--- To do ---
Within the records below, find the line with "1481 Ledges Drive - Photo 38" and the line with "Millennium Real Estate", then reproduce exactly those two lines and all lines between them, without any picture.
--- Data Enclosed Below ---
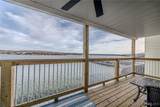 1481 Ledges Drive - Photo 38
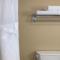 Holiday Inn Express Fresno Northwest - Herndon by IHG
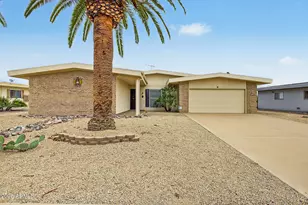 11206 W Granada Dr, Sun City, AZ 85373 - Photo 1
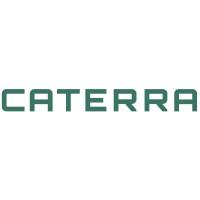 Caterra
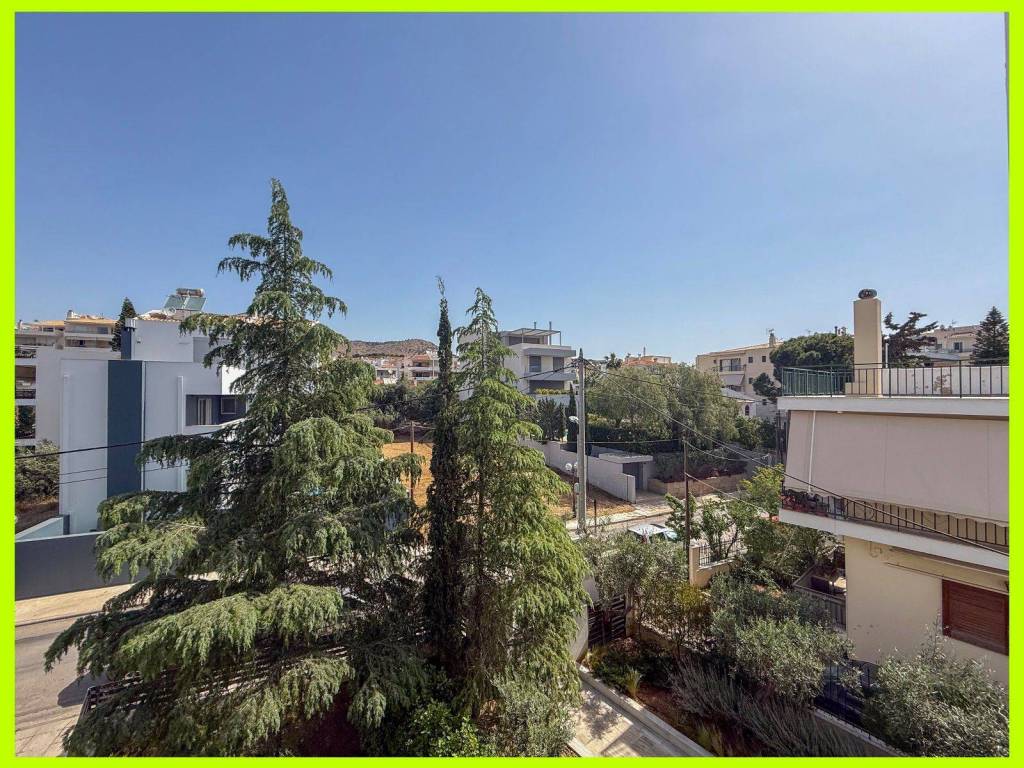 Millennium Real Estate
--- End of Enclosed Data ---
--- Data Enclosed Below ---
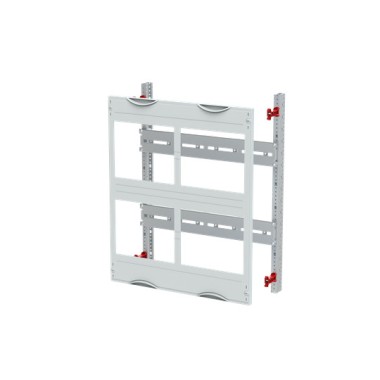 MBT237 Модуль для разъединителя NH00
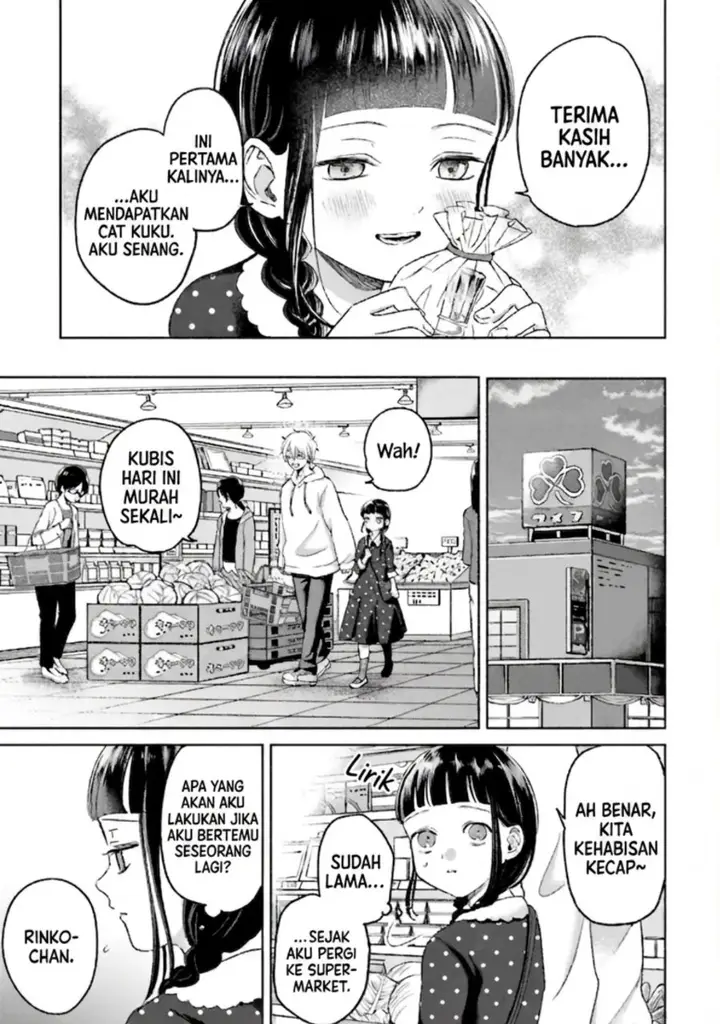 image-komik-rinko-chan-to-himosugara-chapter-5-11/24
--- End of Enclosed Data ---
--- Reply ---
 1481 Ledges Drive - Photo 38
 Holiday Inn Express Fresno Northwest - Herndon by IHG
 11206 W Granada Dr, Sun City, AZ 85373 - Photo 1
 Caterra
 Millennium Real Estate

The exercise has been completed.